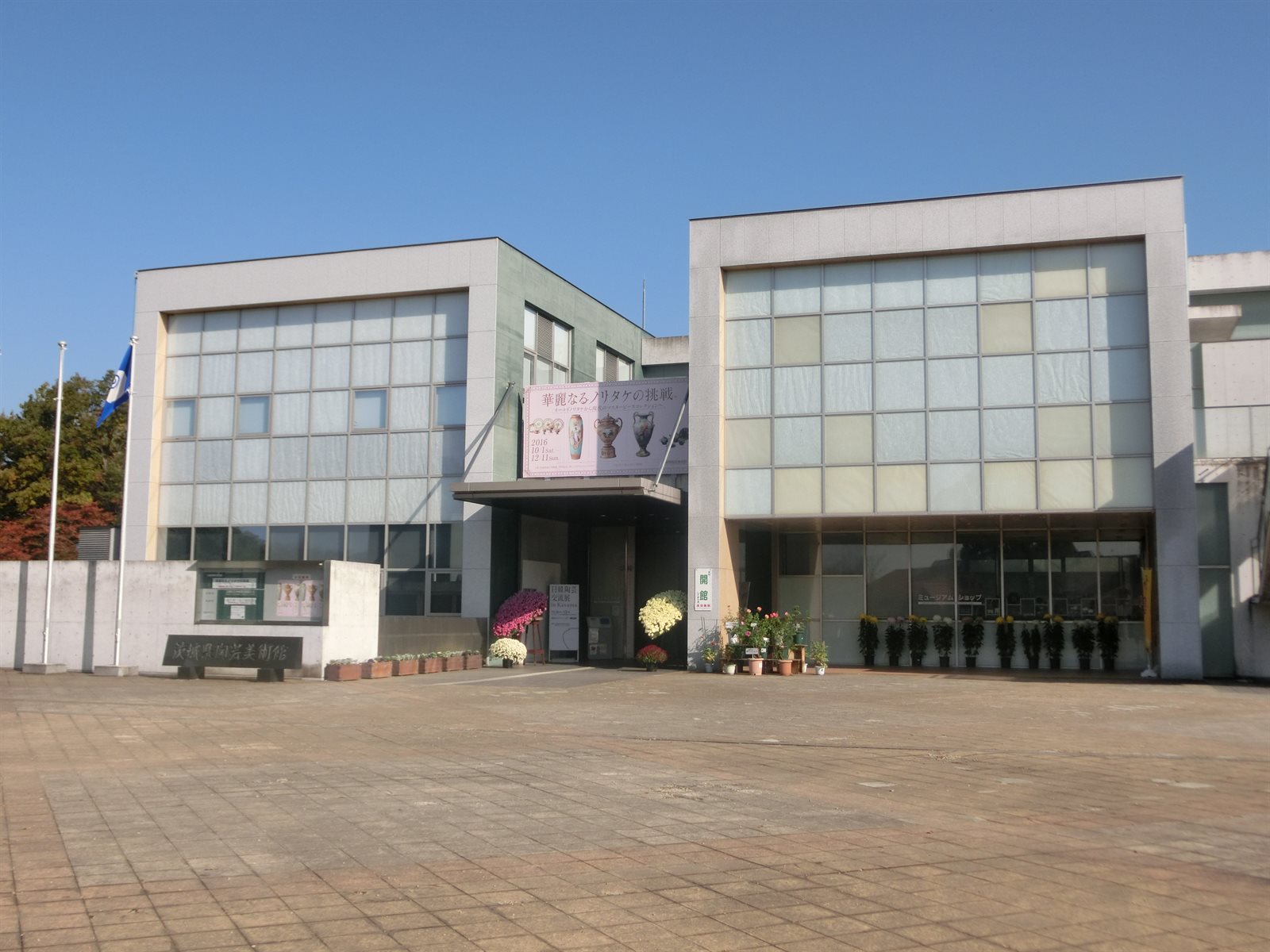 茨城県陶芸美術館の外観。四角い窓の並ぶ白い建物が左右に建ち、中央の入口に展覧会の垂れ幕が下がる。入口の前に鉢植えの菊が並んでいる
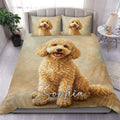 Goldendoodle duvet cover set displayed on a bed with golden curly dog artwork and matching pillowcases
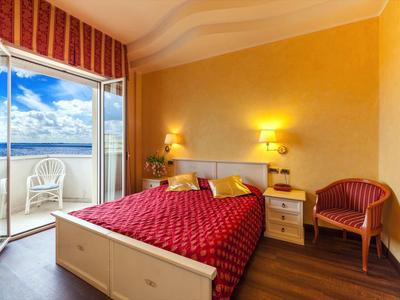 Gemütliches Hotelzimmer mit rotem Bett, Balkon und Meerblick.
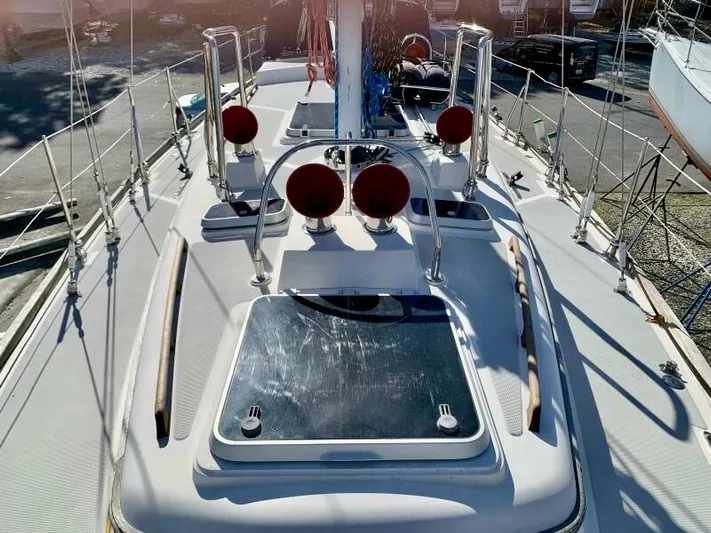 Circa Tempo Yacht Photos Pics Sailboat deck of 1991 Mason 44, featuring hatches and rigging.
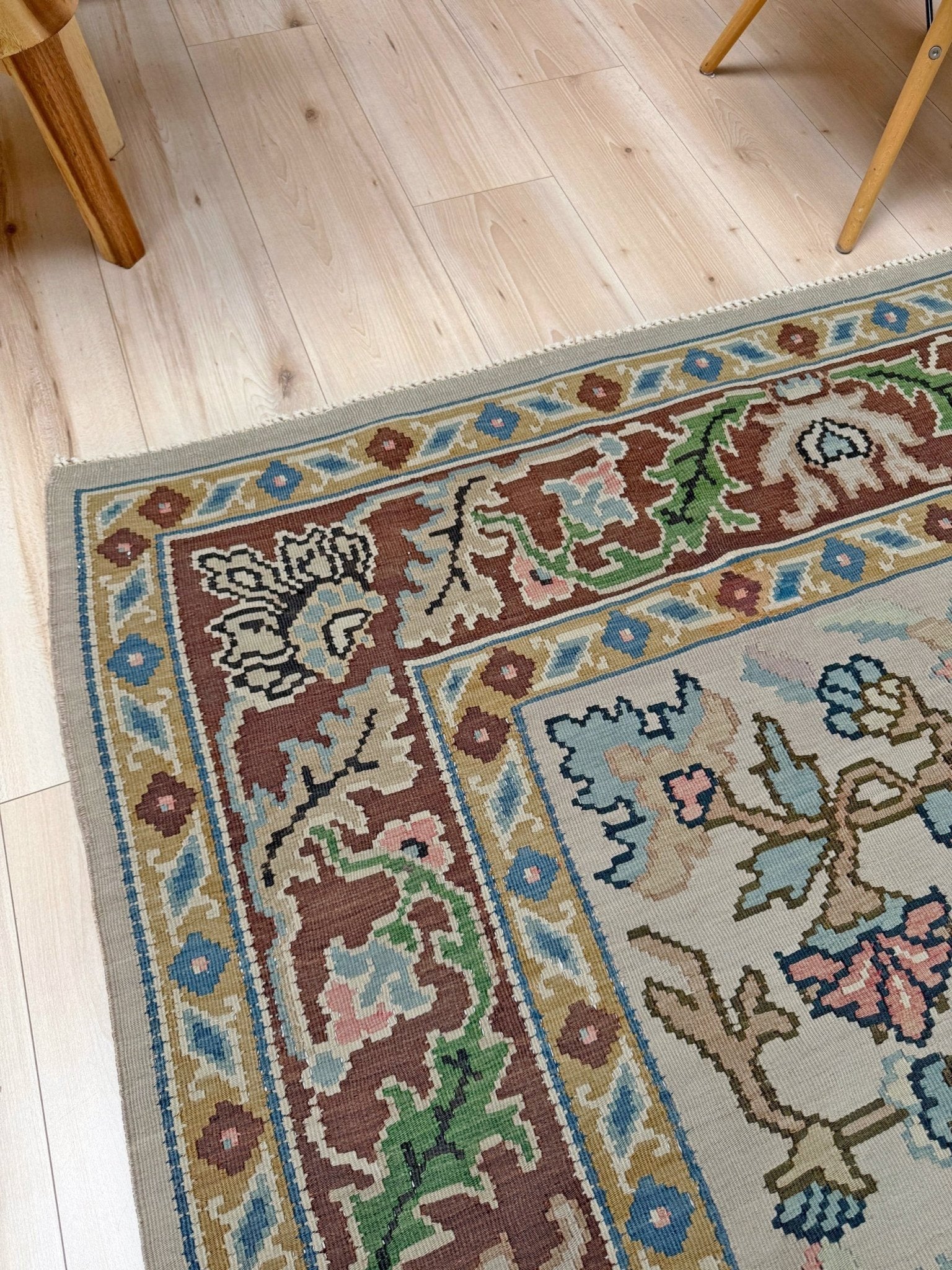 Handmade square 8x9 vintage Balkan floral kilim flatweave rug with light parchment field and vine-and-blossom design in dusty blue, rose, and sage tones.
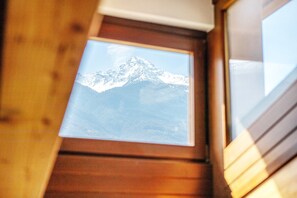 Une fenêtre donnant sur une montagne enneigée.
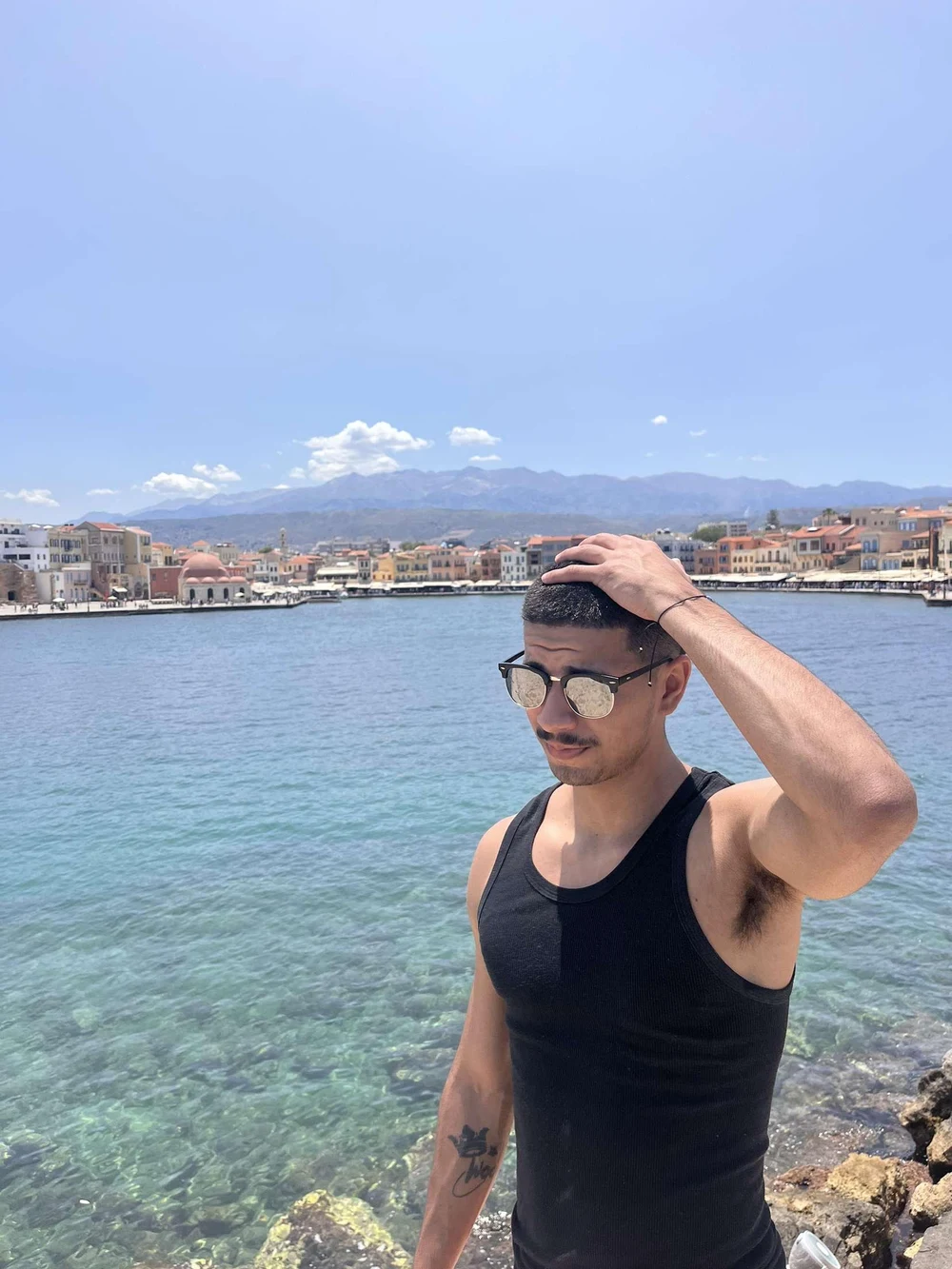 Jonathon wearing sunglasses beside the sea, with a waterfront town in the background.
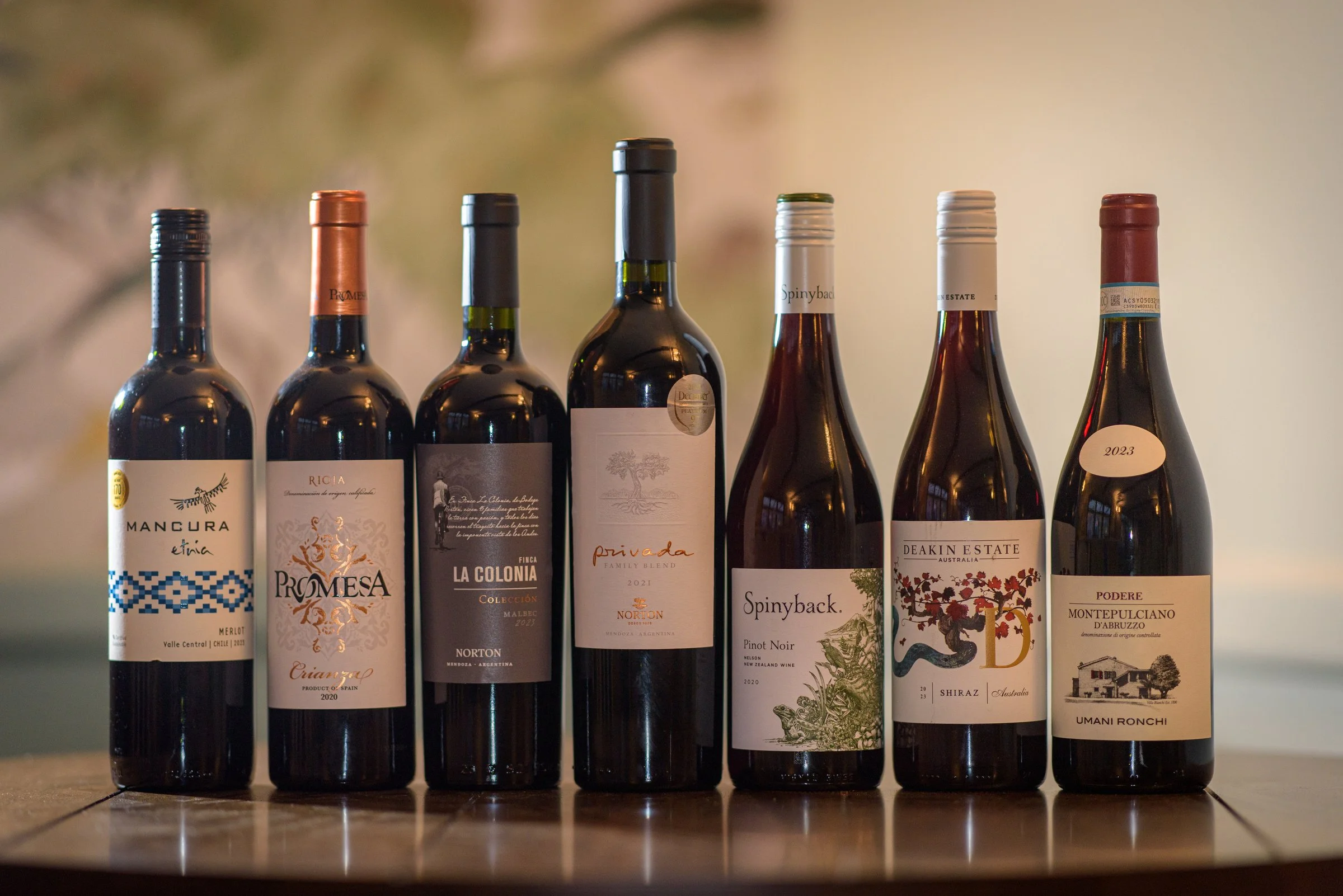 A selection of red wine bottles displayed together, perfect for pairing with seasonal dishes at the pub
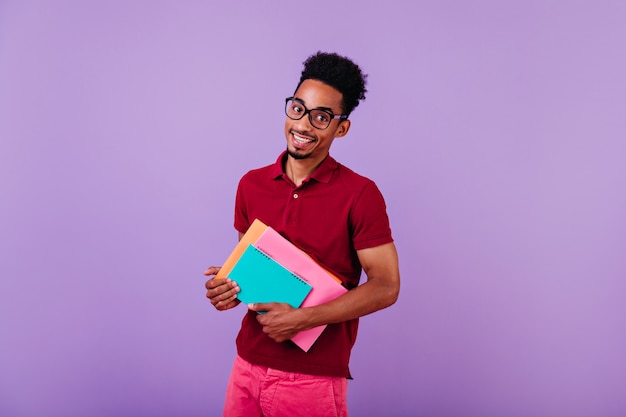 Радостный международный студент в больших очках смотрит. Крытый портрет умного африканца в красной футболке позирует с учебниками.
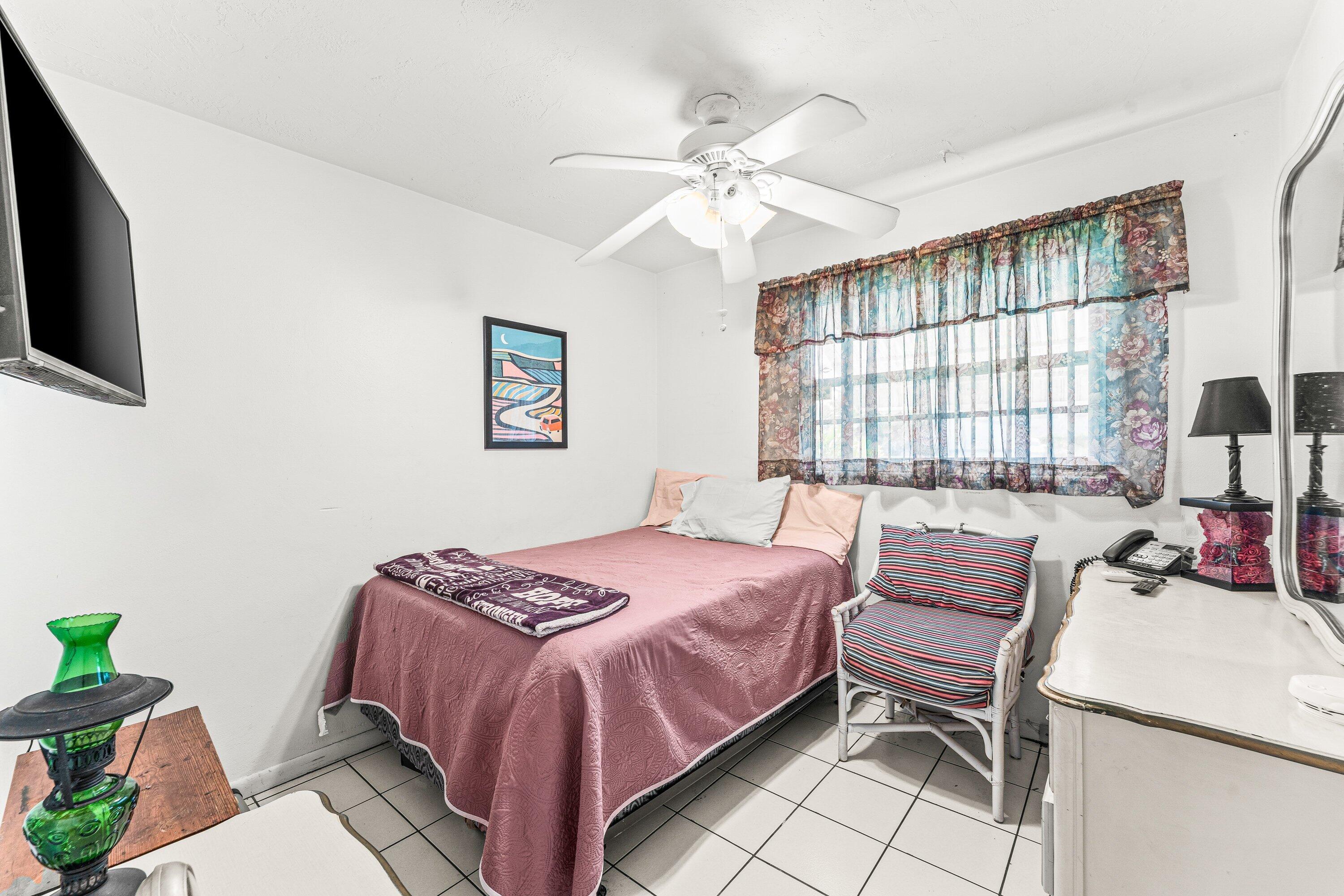 1040 West 1st Street Riviera Beach, FL 33404 - Photo 16 of 26 a bedroom with a bed and a chandelier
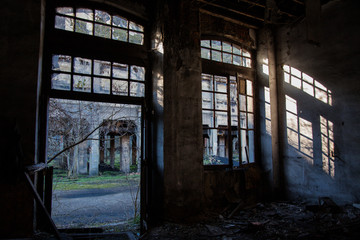 ventana en antigua fábrica abandonada por la que entra el sol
◇ ◇ ◇
## What the task requires
From the line containing "Circa Tempo Yacht" through the final line of the records, write out each line exactly, and include no pictures.

## Your response
 Circa Tempo Yacht Photos Pics Sailboat deck of 1991 Mason 44, featuring hatches and rigging.
 Handmade square 8x9 vintage Balkan floral kilim flatweave rug with light parchment field and vine-and-blossom design in dusty blue, rose, and sage tones.
 Une fenêtre donnant sur une montagne enneigée.
 Jonathon wearing sunglasses beside the sea, with a waterfront town in the background.
 A selection of red wine bottles displayed together, perfect for pairing with seasonal dishes at the pub
 Радостный международный студент в больших очках смотрит. Крытый портрет умного африканца в красной футболке позирует с учебниками.
 1040 West 1st Street Riviera Beach, FL 33404 - Photo 16 of 26 a bedroom with a bed and a chandelier
 ventana en antigua fábrica abandonada por la que entra el sol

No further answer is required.